Hyper eosinophilia associated with myeloid and lymphoid neoplasms
Eosinophilia in the absence of allergies, asthma, drug reactions, parasitic infections and connective tissue diseases can be eosinophilic clonal disorders, lymphoma or myeloproliferative disorders.
Hypereosinophilia with the persistence of eosinophils ≥1500 /mm³ in blood or more than 20% of eosinophils in the bone marrow may be observed in many reactive or clonal disorders, the result of which is invasion of organs and the secretion of granules and multi-organ failure. For a patient with hypereosinophilia, reactive causes such as allergies, asthma, medications, infections, autoimmune disorders, or solid tissue tumors should be investigated.

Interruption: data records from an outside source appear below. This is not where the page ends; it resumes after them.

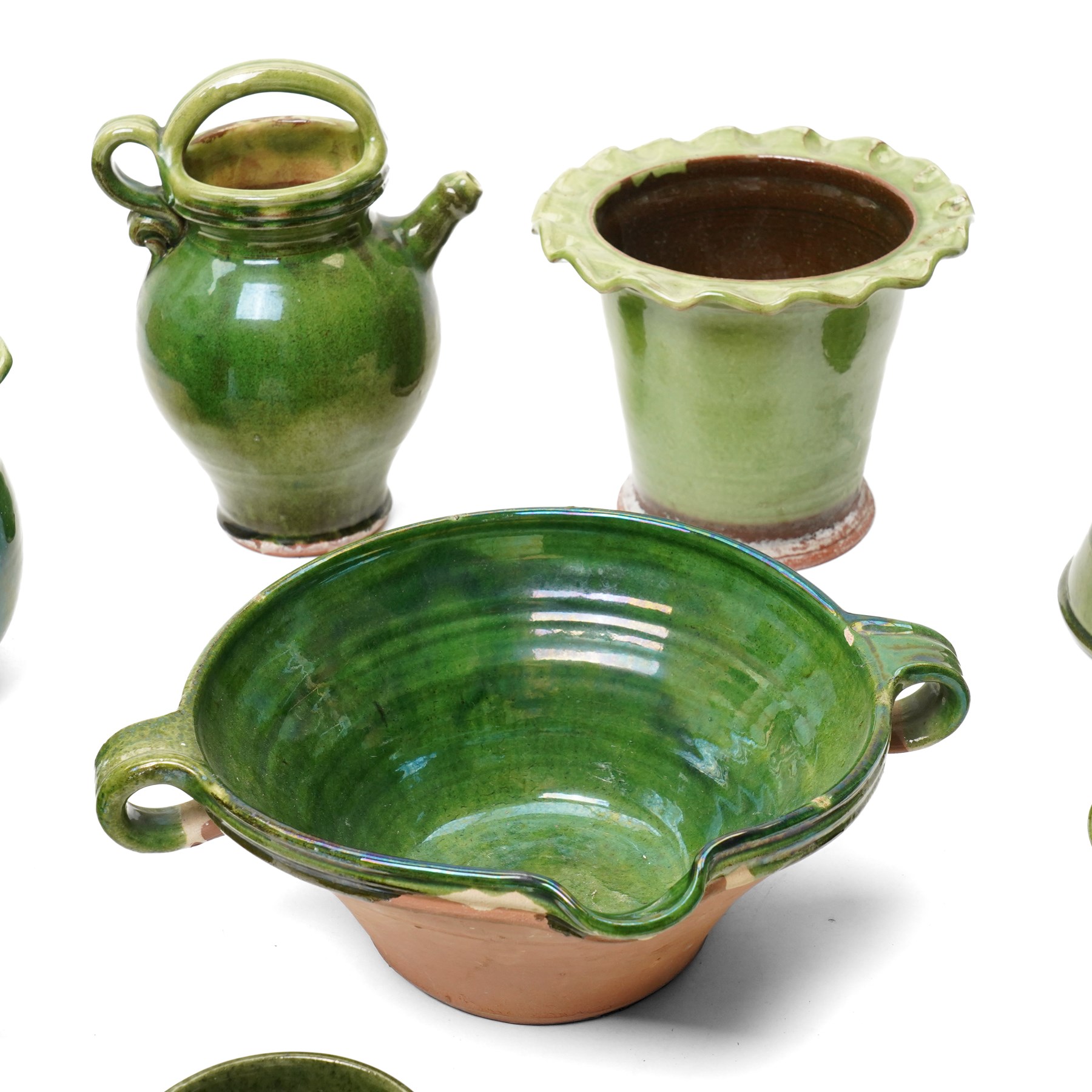 Collection of studio pottery, in green glazes, mostly unmarked, tallest H23cm (7)
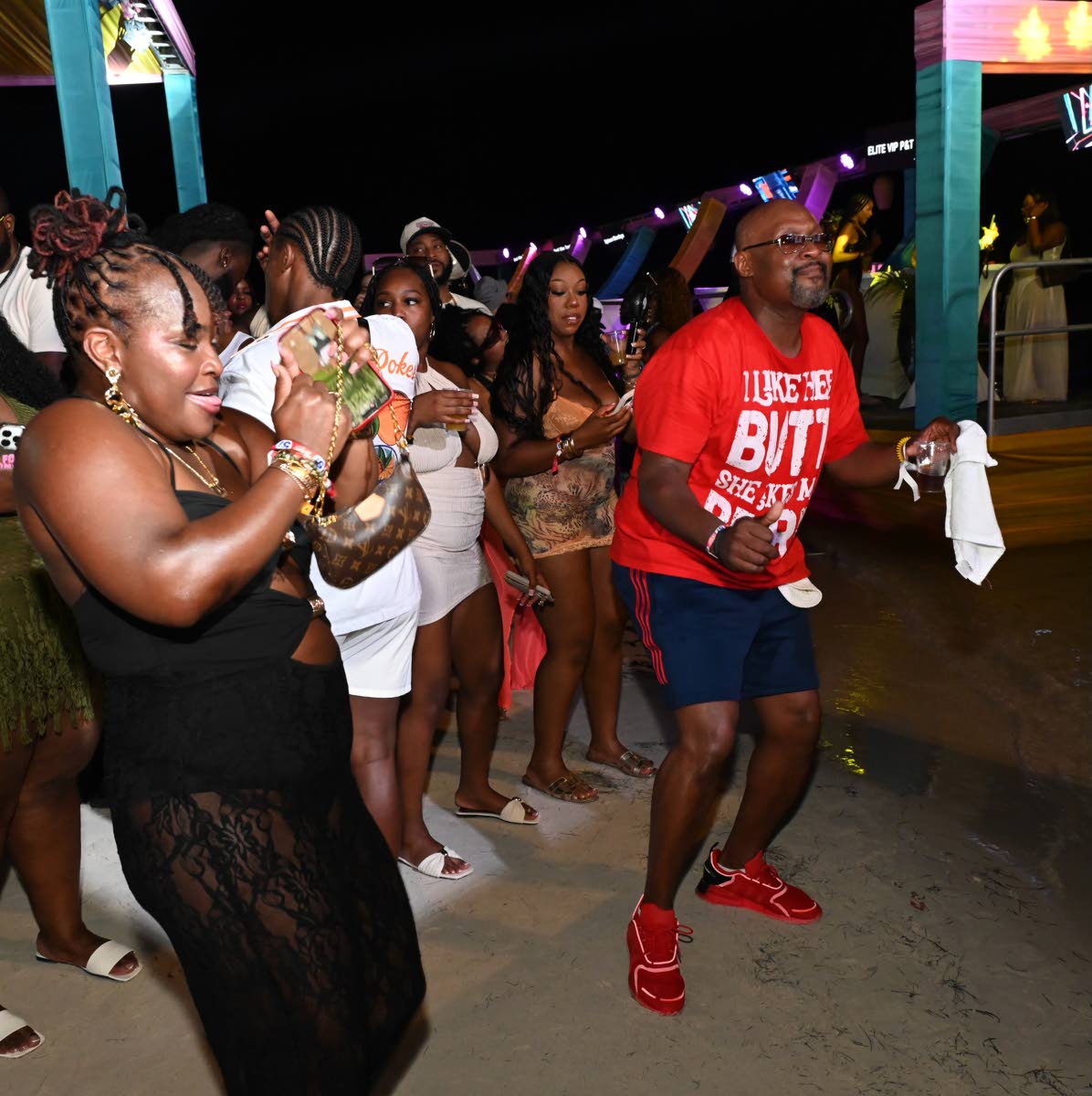 Kimberly Richards (left) and Allan Barrett soak up the party vibes during Bad Beaches. 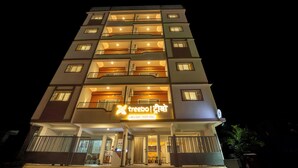 A multi-story hotel with balconies, a sign in a foreign language, and a gated entrance. - Treebo Lime Light (Pune)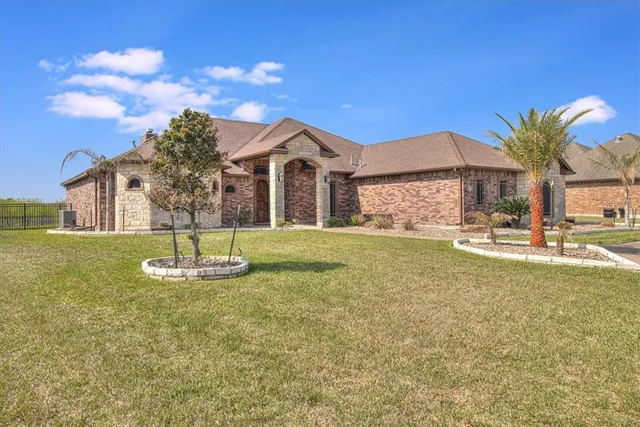 a front view of a house with a yard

If reactive causes are not found, primary eosinophilia should be considered.
According to the WHO revision 2016, FISH or RT-PCR for FIPIL1-PDGFRA fusion and cytogenetic and FISH for gene rearrangements on chromosomes 4q12 (PDGFRA), 5q31-33 (PDGFRB), 8p11-12 (FGFR1) and 9P24 (Jak2) are essential.
Chronic eosinophilic leukemia is considered in the presence of ≥1.5 × 109/L absolute eosinophil count. These patients should lack myeloproliferative family genetic markers (such as t (9;22) and Jak2, CARL and CMPL mutations) and also lack myeloid/lymphoid genetic rearrangements associated with eosinophilia (including PDGFRA, PDGFRB and FGFR1).